• Elijah Castle

healthcare self-advocacy

It can be difficult for many reasons for transgender and non-binary (TGNB) peple to advocate for ourselves in healthcare setting. Speaking up in a situation where there is an obvious power dynamic, such as when speaking with a medical provider, can be hard! We may be afraid of advocating for ourselves because it could mean a provider refusing to treat us.

It is important to remember that provider-patient relationships should be and feel collaborative. This means we as patients should have an equal amount of control and say in the relationship with our medical provider - whether that is a physician, nurse practitioner, a physical therapist, etc.

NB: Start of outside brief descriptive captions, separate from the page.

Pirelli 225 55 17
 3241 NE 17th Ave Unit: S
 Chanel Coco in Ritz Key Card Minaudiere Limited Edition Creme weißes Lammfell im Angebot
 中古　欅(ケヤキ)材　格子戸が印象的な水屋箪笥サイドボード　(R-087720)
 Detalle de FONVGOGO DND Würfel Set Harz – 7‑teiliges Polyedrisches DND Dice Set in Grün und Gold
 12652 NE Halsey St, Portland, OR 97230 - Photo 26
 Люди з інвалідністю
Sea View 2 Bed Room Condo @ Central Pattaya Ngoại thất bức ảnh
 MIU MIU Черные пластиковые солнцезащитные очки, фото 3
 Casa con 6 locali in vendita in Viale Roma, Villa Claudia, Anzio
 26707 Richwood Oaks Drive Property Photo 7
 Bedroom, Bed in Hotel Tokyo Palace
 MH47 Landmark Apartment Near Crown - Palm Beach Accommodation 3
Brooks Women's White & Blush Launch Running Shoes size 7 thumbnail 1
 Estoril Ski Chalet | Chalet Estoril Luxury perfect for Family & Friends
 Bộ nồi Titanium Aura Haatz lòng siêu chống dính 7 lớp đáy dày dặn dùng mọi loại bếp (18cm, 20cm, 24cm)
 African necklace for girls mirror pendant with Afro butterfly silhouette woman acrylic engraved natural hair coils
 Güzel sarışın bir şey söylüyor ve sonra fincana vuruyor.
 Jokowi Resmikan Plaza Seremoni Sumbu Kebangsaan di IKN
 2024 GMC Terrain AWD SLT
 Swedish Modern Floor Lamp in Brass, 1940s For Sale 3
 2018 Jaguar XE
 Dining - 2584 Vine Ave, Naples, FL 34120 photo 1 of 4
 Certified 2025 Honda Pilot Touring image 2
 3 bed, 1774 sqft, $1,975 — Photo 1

This is where self-advocacy comes in. Self-advocacy means speaking up for our own self-interest and being an active participant in decisions that directly affect us.

Self-advocacy is not a skill that is only beneficial for trans people - this is helpful for disabled people, BIPOC, and anyone else with a marginalized identity.

Here are some instances where it is important to advocate for ourselves:

When a provider misgenders us or uses the wrong name…

If we have told our provider our chosen name and pronouns and they use something different, we can remind them.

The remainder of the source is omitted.